06 diciembre, 2009

El silencio de las cosas


   Cuando el poeta escribe sobre un objeto, lo hace mediante el juego de la sugerencia. Mediante su decir, el poeta "trae a presencia" su verdadero objeto de reflexión sin nombrarlo y así, con el suave balanceo de las palabras elegidas nos envuelve en un universo infinito, donde quedamos atrapados por el misterio de lo que no ha sido dicho.
   El poeta, al hacer poesía, nos habla de un objeto concreto mediante un tratamiento universal del mismo.
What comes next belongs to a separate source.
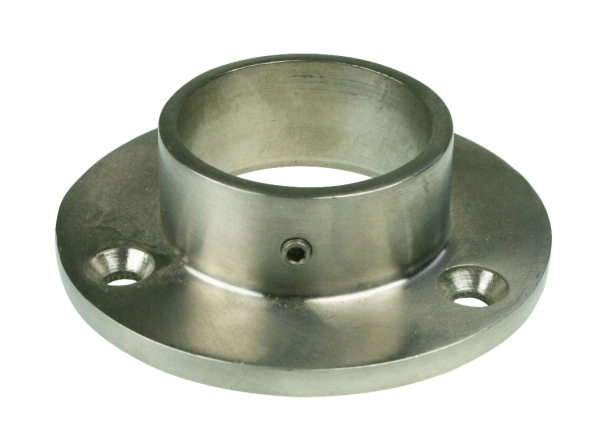 Flanschplatte V2A  42,4 mm Rohr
El poeta habla del río, exaltando las cualidades universales más definitorias de “aquello” que hace a un río ser río; al hablar del amor sucede lo mismo, el poeta habla del amor sin nombrar directamente a la amada, sino exaltando las cualidades más incisivas del amor como experiencia universal. Se hable de lo que se hable, el poeta siempre nos muestra la esencia de las cosas sin nombrarlas directamente y esa es precisamente su grandeza.
   En ese “no decir”, gracias a las posibilidades de la sugerencia, el poeta abre un horizonte significativo donde las cosas se presentan en total libertad. Al ser llamadas sin imposición, sin ser forzadas a decirse de una determinada manera, las cosas se muestran tal cual son de manera natural. De este modo la palabra poética crea un espacio libre, en donde la cosa puede llegar a mostrarse plenamente desnuda.
   En la poesía las cosas son dichas sin ser nombradas y en ese decir que se pronuncia a través de una expresión abierta, se hace uso de una pluralidad significativa que nos trae la cosa poetizada de una manera plena.
   Con esta manera de decir, el poeta alcanza la mirada de la inocencia, la mirada del niño que accede a las cosas por primera vez, y este hecho se da gracias a la posibilidad de la sugerencia, la cual nos trae las cosas sin nombrarlas, permitiendo así que éstas puedan mostrarse libre y naturalmente, en un ofrecimiento que no las encierra en ningún tipo de corsé creado a posteriori por el hombre. De ahí que los poetas siempre anden buscando las cosas por detrás de los nombres y a través del silencio.

¿Habrá alguna palabra más plena que el silencio de las cosas?